FOR RESPONDENT: Stuart F. Delery, Assistant Attorney
General; William C. Peachey,
Assistant Director; Matthew A.
Spurlock, Trial Attorney, Office of
Immigration Litigation, United
States Department of Justice,
Washington, D.C.
UPON DUE CONSIDERATION of this petition for review of a
Board of Immigration Appeals (“BIA”) decision, it is hereby
ORDERED, ADJUDGED, AND DECREED that the petition for review
is DENIED.
Petitioner Ubong Nyong Ikpe, a native and citizen of
Nigeria, seeks review of a July 10, 2012 order of the BIA,
affirming the September 20, 2010 decision of an Immigration
Judge (“IJ”), which denied asylum, withholding of removal,
and relief under the Convention Against Torture (“CAT”). In
re Ubong Nyong Ikpe, No. A076 111 365 (B.I.A. July 10,
2012), aff’g No. A076 111 365 (Immig. Ct. Hartford, CT,
Sept. 20, 2010).
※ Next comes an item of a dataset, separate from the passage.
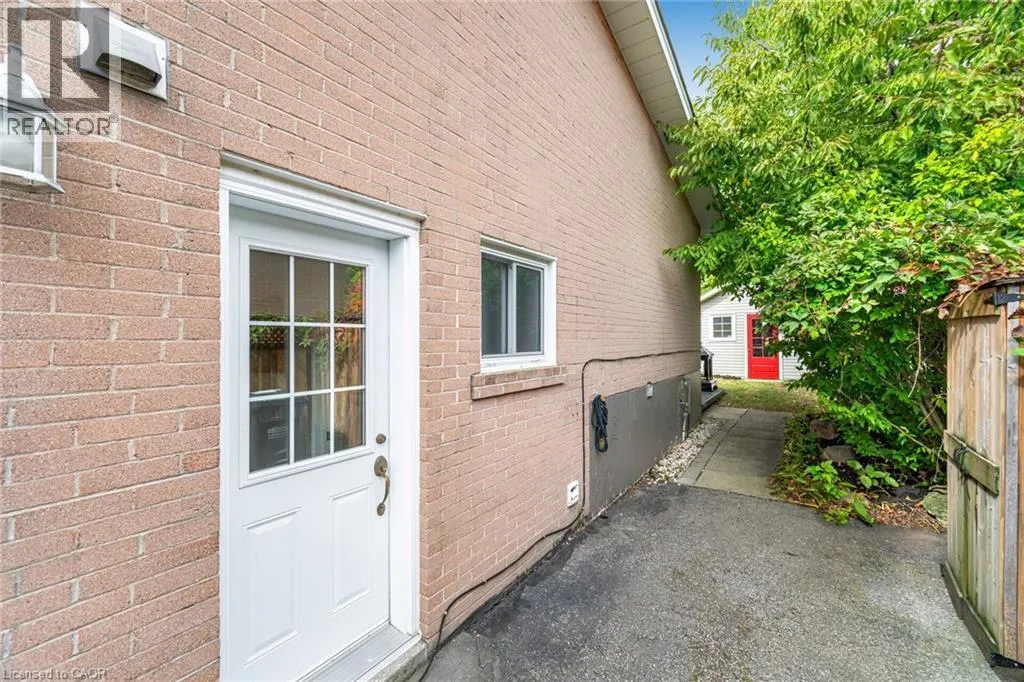 2431 PADSTOW Crescent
We assume the parties’ familiarity with
the underlying facts and procedural history in this case.
Under the circumstances of this case, we review the
decisions of both the IJ and the BIA. Yun-Zui Guan v.
Gonzales, 432 F.3d 391, 394 (2d Cir. 2005). The applicable
standards of review are well established. See 8 U.S.C.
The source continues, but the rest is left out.